Dr. Kelly Wilson, a psychologist from PsyBar, says it’s difficult to tell the difference between regular old teenage angst and behavior that actually poses a threat.

“It’s hard to tell. It’s hard to tell,” Wilson said.

An estimated 20-25 percent of Americans have some sort of mental illness.

Ed Eide of Mental Health Association of Minnesota says violence is not common among the mentally ill.

“More people with mental illnesses are the victims of crimes than they commit crimes, and I think we need to keep that in mind,” Eide said.

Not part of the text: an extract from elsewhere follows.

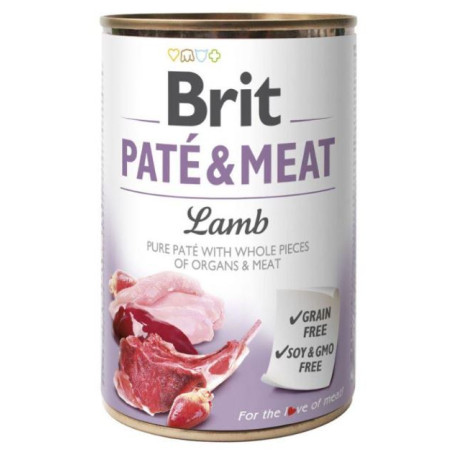 BRIT DOG PATE MEAT- CORDERO 6x400g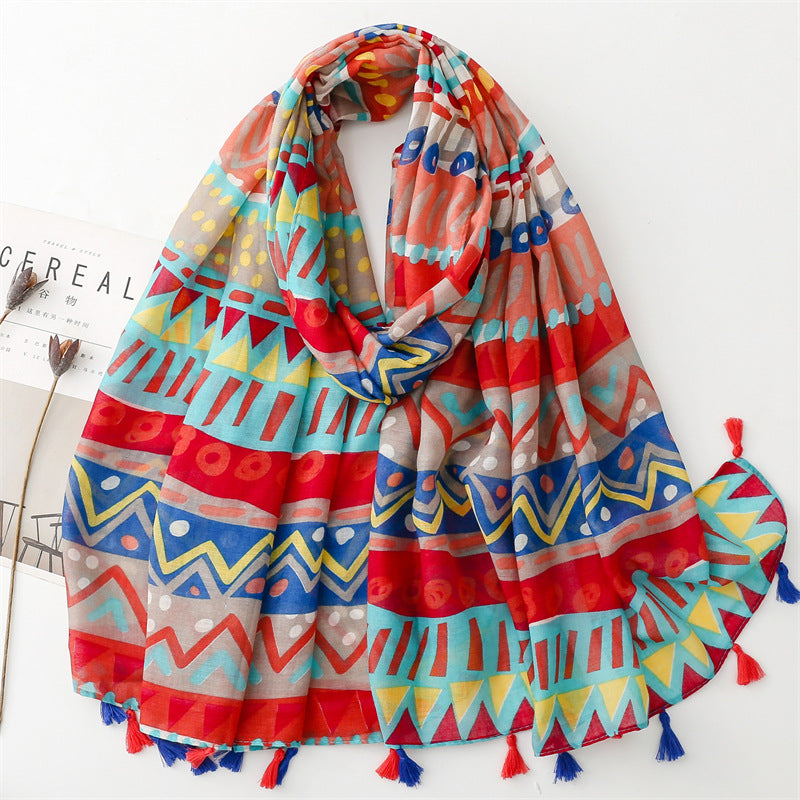 Vintažinis šilkinis skiautinis šalikas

Many of us know somebody who might have the capability to do something violent, but what should you do? Dr. Wilson says that it depends on your relationship to the person.

If it’s your child in question who is escalating or threatening over and over – do something

“Believe them. Believe what they’re saying and take whatever steps you feel are necessary,” Wilson said.

If it’s a friend, research some resources like providers or crisis hotlines to help out.

Should you say something to the person?

“I think it’s a good idea. I think you have to be careful on how to approach it,” Wilson said.

It may be a scary thing to do because you might not know what to say, but Ed Eide says that’s all the more reason to do it.

“It’s better to say something than to let things go,” Eide said.

Experts say it won’t necessarily be easy. If you get to that point, committing someone is purposefully hard.

“You can’t just arbitrarily say, ‘I think you’re a danger, Ed, therefore this has to happen,’ because people have a right to make whatever decisions they do,” he said.

But Wilson says if the potential for violence is clear, action is necessary.

“If you’re gut tells you they have the capacity to do it, then do something,” she said.